冒険者ギルドの換金カウンターで手渡されたのは、分厚い札束。Bランク魔獣5頭分の素材と討伐報酬を合わせ、なんと『80万円』という大金がチーム・タロウの懐に転がり込んだのだ。
「すごい……こんな大金、ポポロ村の村長の月収より多いんじゃ……」
「ギルドのドワーフ名義で流す予定の『100均グッズ』の売り上げがなくても、帝都で十分生きていけそうね」
札束を前に目を丸くするサリーと、腕を組んで感心するライザ。
僕も、手渡された福沢諭吉の群れを見てホッと胸をなでおろした。これで当面、僕の財布の残高(スキル発動の弾薬)に困ることはない。
だが、大金を手にして喜ぶ僕たちの中で、サリーだけがどこか浮かない顔をしていた。
「……タロウさん。私、行きたいところがあるんです」
ギルドを出た後、サリーがギュッと杖を握りしめながら、決意を秘めた瞳で僕を見上げた。
* * *
サリーに案内されてやってきたのは、第2階層の魔法区にある『王立魔導書院・特約店』だった。
店内には古びた羊皮紙の匂いと、微かな魔力の粒子が漂っている。ガラスケースの中には、様々な属性の魔導書や、使い切りの魔法スクロールが所狭しと並べられていた。
「サリー、ここは……」
「タロウさん、私……『攻撃魔法』を習得したいんです」
サリーの言葉に、僕は驚いて目をパチクリとさせた。
彼女の適性は回復と支援だ。後方支援としてはすでに一級品だが、自衛のための攻撃手段は持っていない。
「昨日の戦いで、はっきりと分かりました。タロウさんの知略と、ライザちゃんの剣術。二人の力は圧倒的です。でも、もし二人の罠や剣を抜けられた敵がいたら……今の私じゃ、足手まといになるだけです」
サリーは唇を噛み締めた。
「私も、タロウさんの隣で戦える力が欲しい。ただ守られるだけの薬師じゃなくて、タロウさんの背中を守れる魔法使いになりたいんです!」
彼女の真剣な訴えに、ライザも静かに目を伏せて頷いた。
「……確かに、これからの戦いは苛烈になるわ。サリーが自衛以上の火力を持てば、戦術の幅は劇的に広がる。でも、サリー。攻撃魔法の習得には、適性に応じた高位の魔導書と、術式を魂に刻み込むための『スクール(短期講習)』が必要よ。費用は馬鹿にならないわ」
店番をしていたローブ姿の老婆が、ニヤリと笑ってカウンターから身を乗り出した。
「赤髪の剣士の言う通りさ。このお嬢ちゃんは風と光の適性が高い。それを生かした中位攻撃魔法『光風刃』の魔導書と、あたしの特別講習……合わせて『5万円』ポッキリだ。どうするね?」
「ご、5万円……!?」
サリーが絶望的な声を上げた。
ポポロ村の金銭感覚からすれば、5万円は途方もない大金だ。今回の報酬が80万あったとはいえ、パーティの共有財産から個人のスキルアップに5万も引き出すのは、真面目な彼女には酷な額だった。

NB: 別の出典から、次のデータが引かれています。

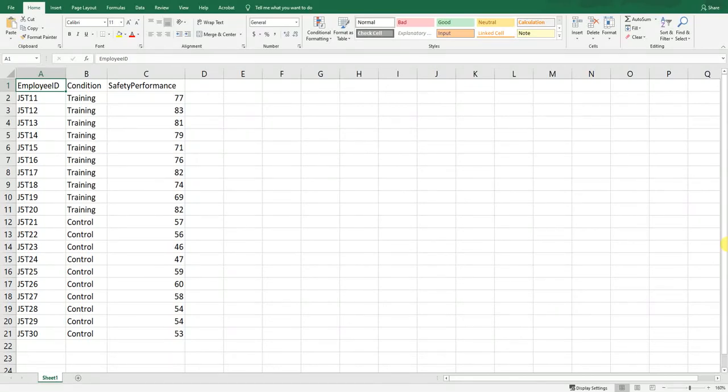In this Excel tutorial we'll learn how to apply an independent samples t-test in order to evaluate a post-test only with control group training evaluation design.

「……うぅ、やっぱり高すぎますよね。私、もっとお金を貯めてから――」
「はい、5万円。ちょうどここにあります」
僕が躊躇いなくカウンターに諭吉を5枚並べると、サリーとライザが同時に目を剥いた。
「た、タロウさん!? ダメです、そんな大金! 私個人のわがままに……!」
「わがままなんかじゃないよ、サリー」
僕は慌てるサリーの肩に手を置き、真っ直ぐに彼女の目を見た。
「これはチームの生存確率を上げるための、立派な『初期投資』だ。サリーが攻撃魔法を覚えてくれれば、僕がトラップを仕掛ける隙をさらに安全に作れるし、ライザの負担も減る」
経済学部生として、そしてこのパーティのリーダーとして断言する。
たった5万円で、優秀なヒーラーが砲台の機能まで兼ね備えるのだ。これほど費用対効果(ROI)の高い投資はない。
「タロウさん……」
サリーの大きな瞳に、じわりと涙が浮かぶ。
「私……絶対に無駄にしません。この力で、タロウさんのこと、絶対に守ってみせますから!」
「頼りにしてるよ」
老婆の案内で、サリーは店の奥にある儀式部屋へと入っていった。
数時間後。
「……終わりました!」
部屋から出てきたサリーの杖の先端には、微かにだが、鋭い光の風が渦巻いていた。
術式の刻印による疲労で肩で息をしているが、その顔は自信に満ち溢れている。
「すごいわ、サリー。たった数時間で術式を定着させるなんて。……タロウ、あなたの初期投資、どうやら大成功みたいね」
ライザが腕を組みながら、感心したように口角を上げた。
「あはは、そうだね。これで僕の『100均トラップ』とサリーの『魔法』を組み合わせたコンボも作れそうだ」
「はいっ! どんな敵でも、私がタロウさんの道を切り開きます!」
満面の笑みで杖を掲げるサリー。その横で、ライザが鞘を鳴らして闘気を高める。
帝都ルナミスの魔法区の片隅で、僕たちのパーティは真の意味で完成した。
知略、剣術、そして魔法。
あらゆる手札を揃えた僕たちの前に、帝都の暗部が静かに、だが確実にその口を開けようとしていることなど、この時の僕たちはまだ知る由もなかった。